TASK BRIEF | Everything from the line that holds "Kitchen - large" through the end of the records below is to be transcribed exactly, except the pictures.

RECORDS |
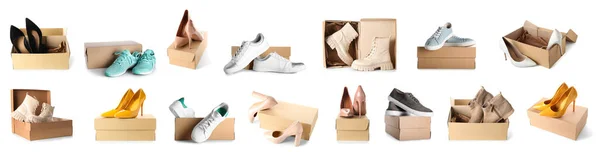 一套纸板箱 上面有一双时髦的鞋子 与白色隔离 — 图库照片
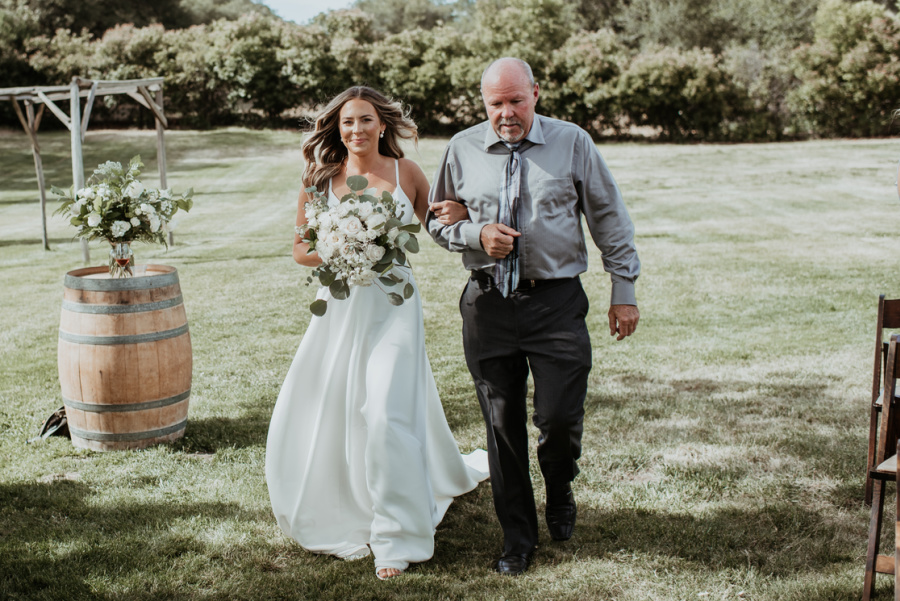 Bride and her dad coming down the aisle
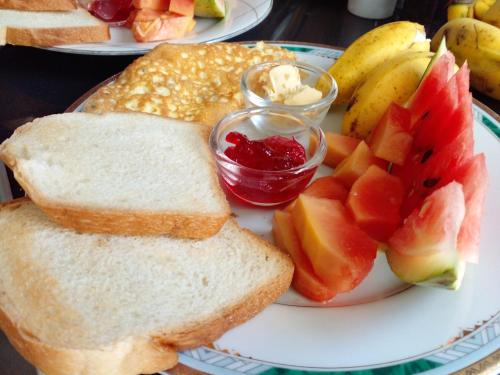 a plate of food with bread and fruit on a table at Vibe way (Hostel & Market farm) in Nuwara Eliya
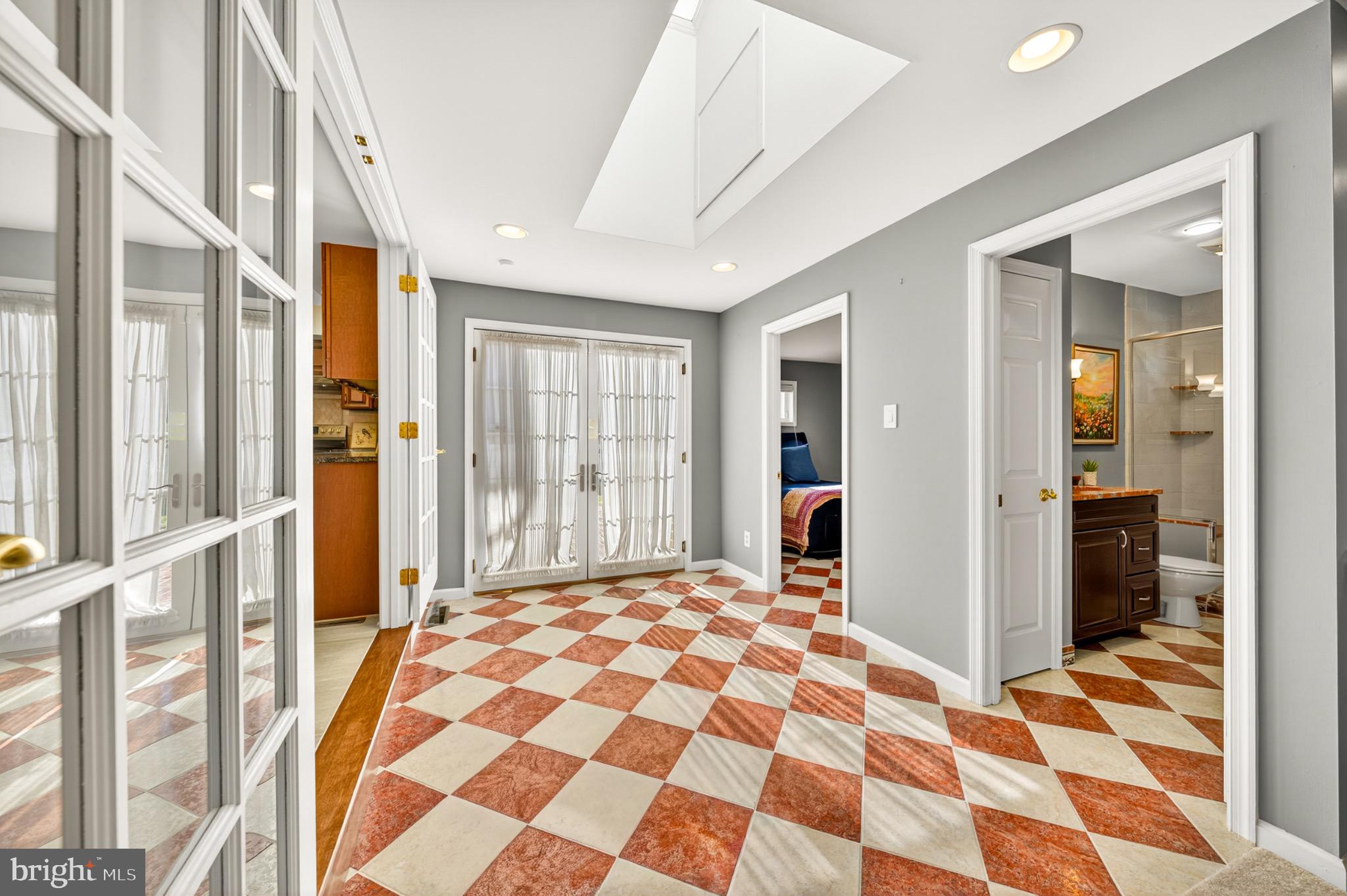 1520 Fairgrounds Road Hatfield, PA 19440 - Photo 26 of 52 a bedroom with a bed and a walk in closet with wooden floor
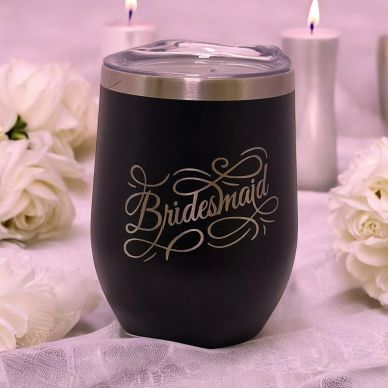 Black tumbler with 'Bridesmaid' text surrounded by white flowers and candles.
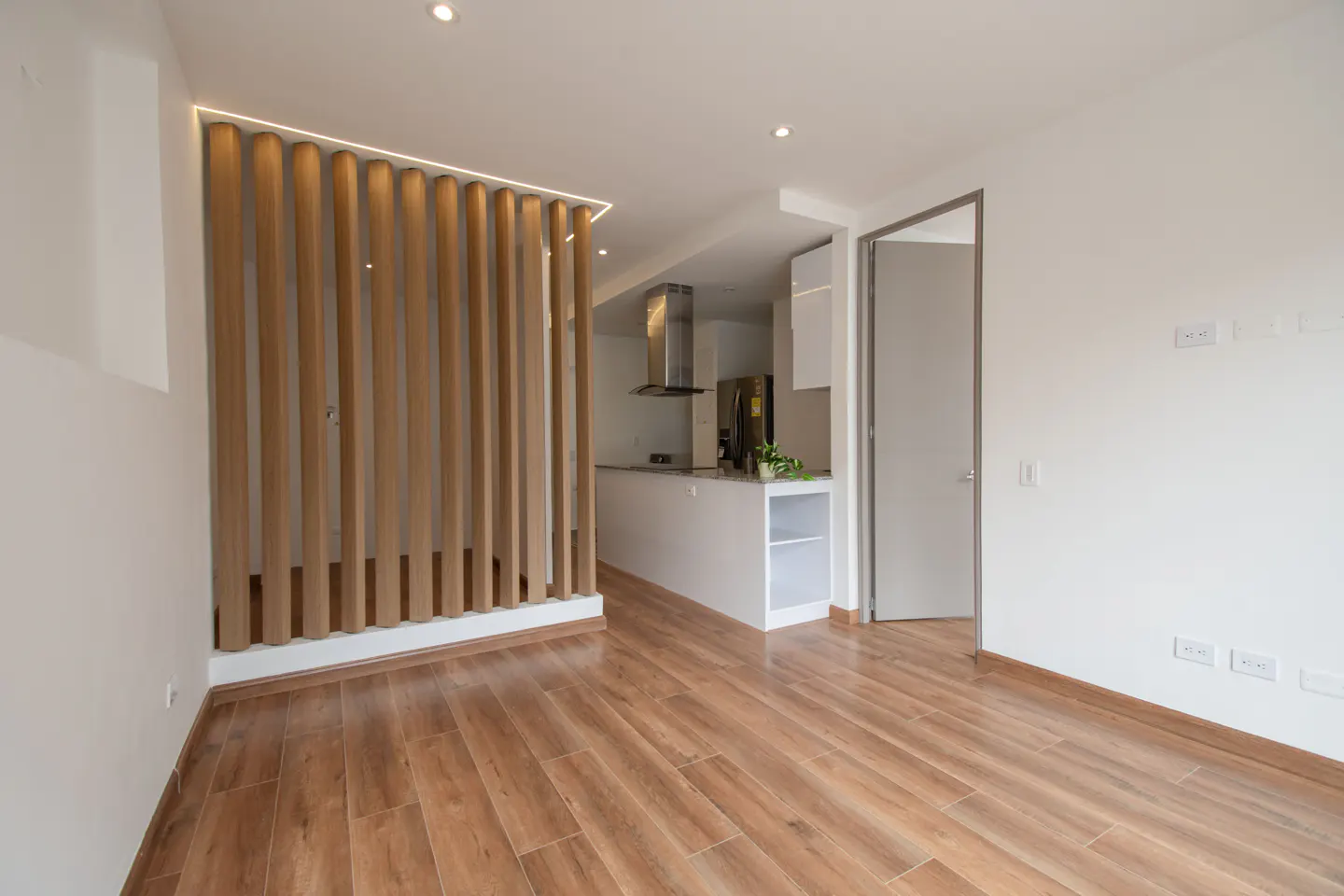 A bright, modern apartment interior with wood floors, a wood slat wall, and a glimpse of the kitchen.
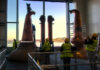 Stills being installed at Eden Mill Distillery with a large window in the background overlooking a waterfront landscape.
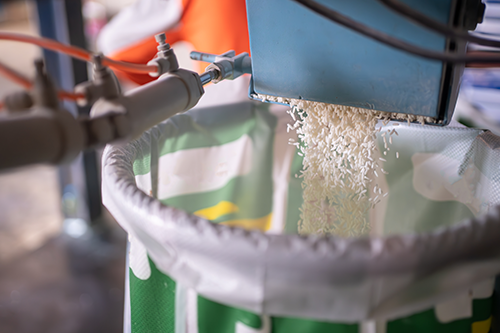 rice being portioned out into a bag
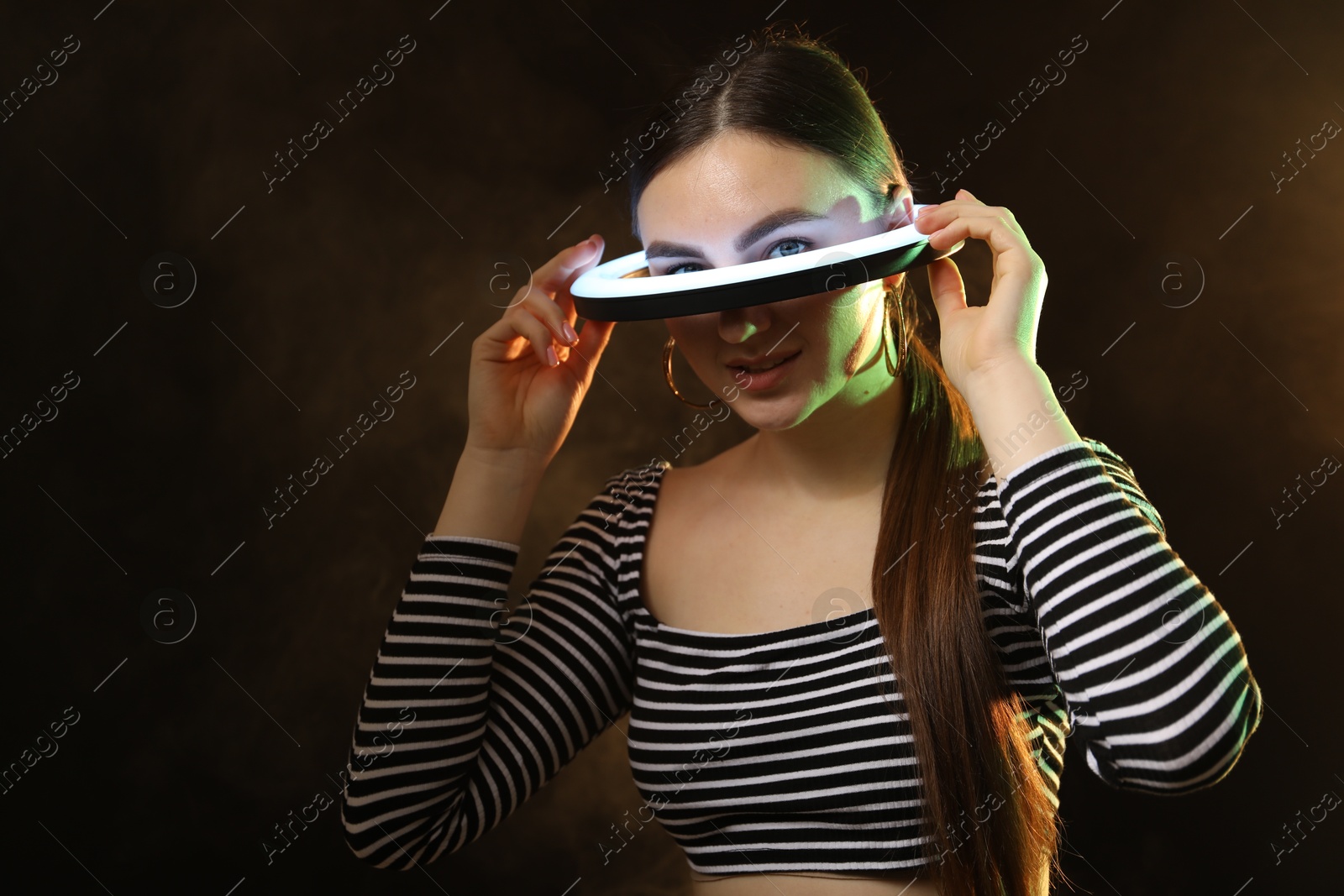 Photo of Beautiful woman with ring lamp on dark background in smoke, space for text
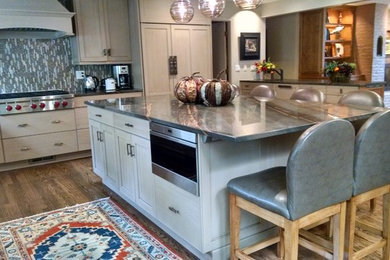 Kitchen - large transitional l-shaped medium tone wood floor and brown floor kitchen idea in Denver with an undermount sink, shaker cabinets, beige cabinets, granite countertops, multicolored backsplash, glass tile backsplash, stainless steel appliances and an island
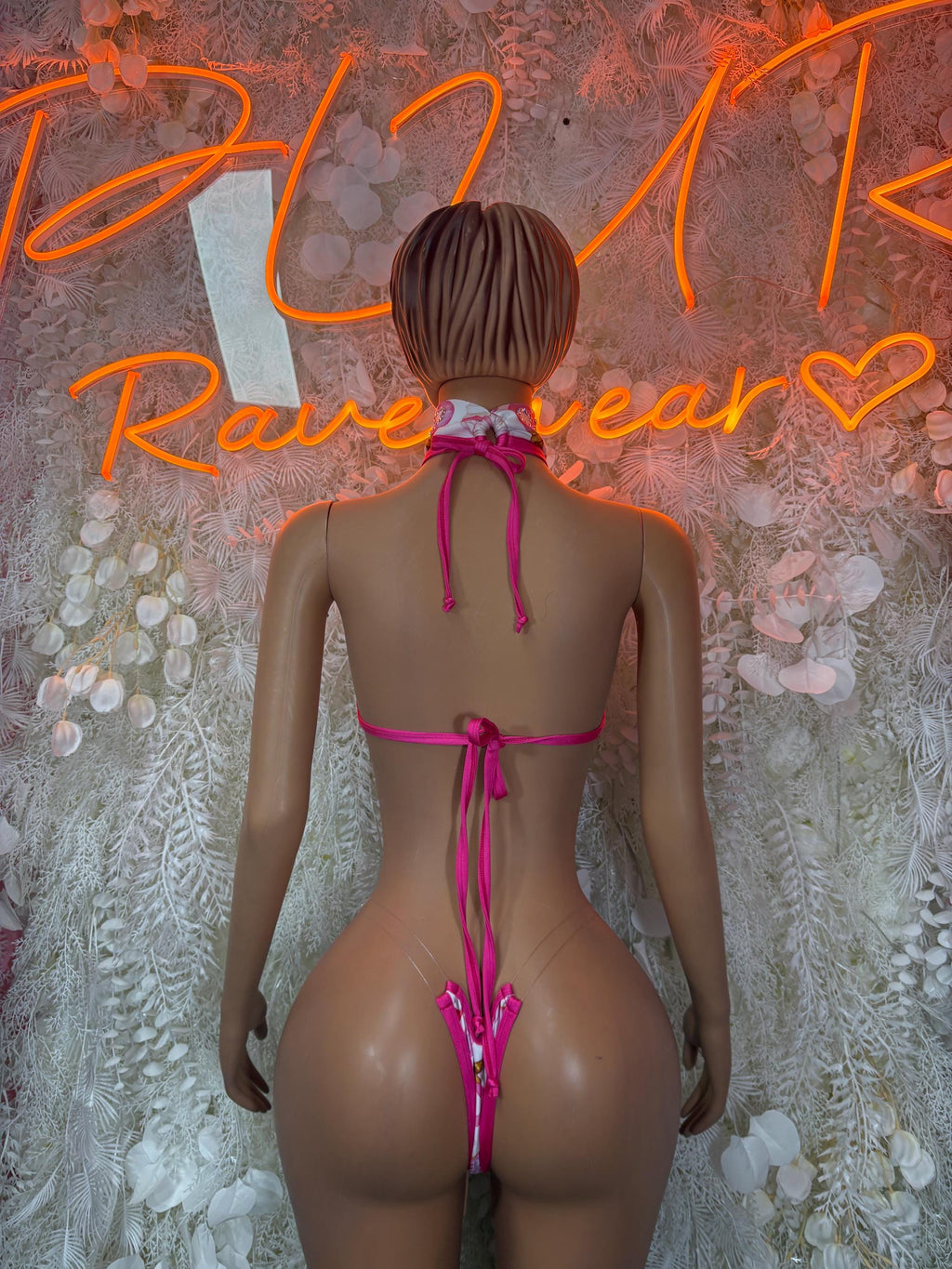 Pink and white two-piece bikini set with tie halter back and tie-string bottoms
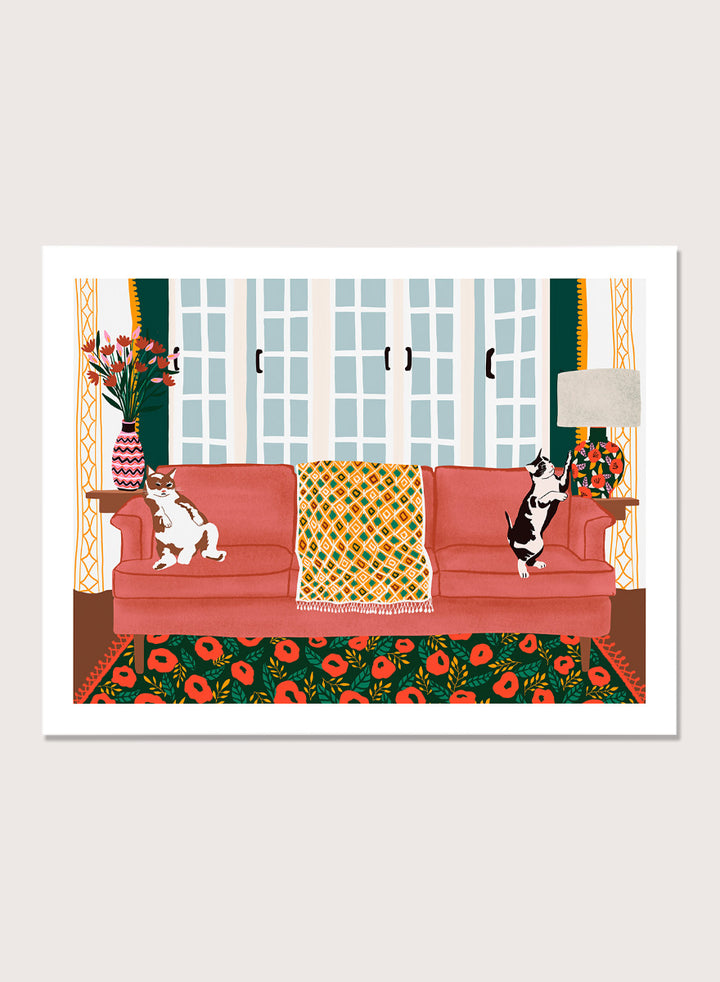A framed art print depicting a cozy living room scene with a coral-pink sofa, two cats, a patterned throw blanket, and a floral rug. Playful Cats Living Room by Ceyda Alasar cat art print featuring two mischievous cats, a coral sofa, floral rug, patterned throw, and colorful decor.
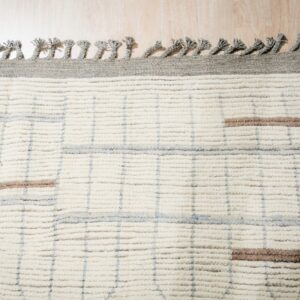High pile ivory rug featuring a grey grid, brown stripes, braided tassels, and light wood flooring.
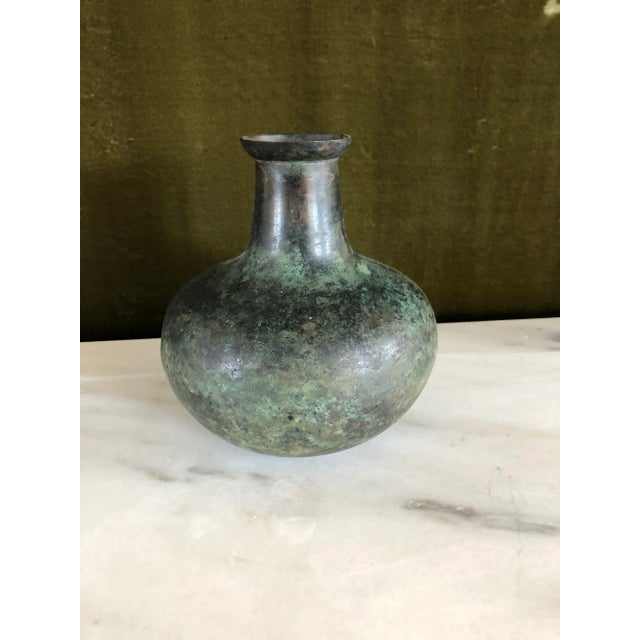 Vase in a globular form with a mottled, watermelon green patina. Of cast bronze with an applied, irregular, yaki-urushi or...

ANSWER BOX |
 Kitchen - large transitional l-shaped medium tone wood floor and brown floor kitchen idea in Denver with an undermount sink, shaker cabinets, beige cabinets, granite countertops, multicolored backsplash, glass tile backsplash, stainless steel appliances and an island
 Pink and white two-piece bikini set with tie halter back and tie-string bottoms
A framed art print depicting a cozy living room scene with a coral-pink sofa, two cats, a patterned throw blanket, and a floral rug. Playful Cats Living Room by Ceyda Alasar cat art print featuring two mischievous cats, a coral sofa, floral rug, patterned throw, and colorful decor.
High pile ivory rug featuring a grey grid, brown stripes, braided tassels, and light wood flooring.
 Vase in a globular form with a mottled, watermelon green patina. Of cast bronze with an applied, irregular, yaki-urushi or...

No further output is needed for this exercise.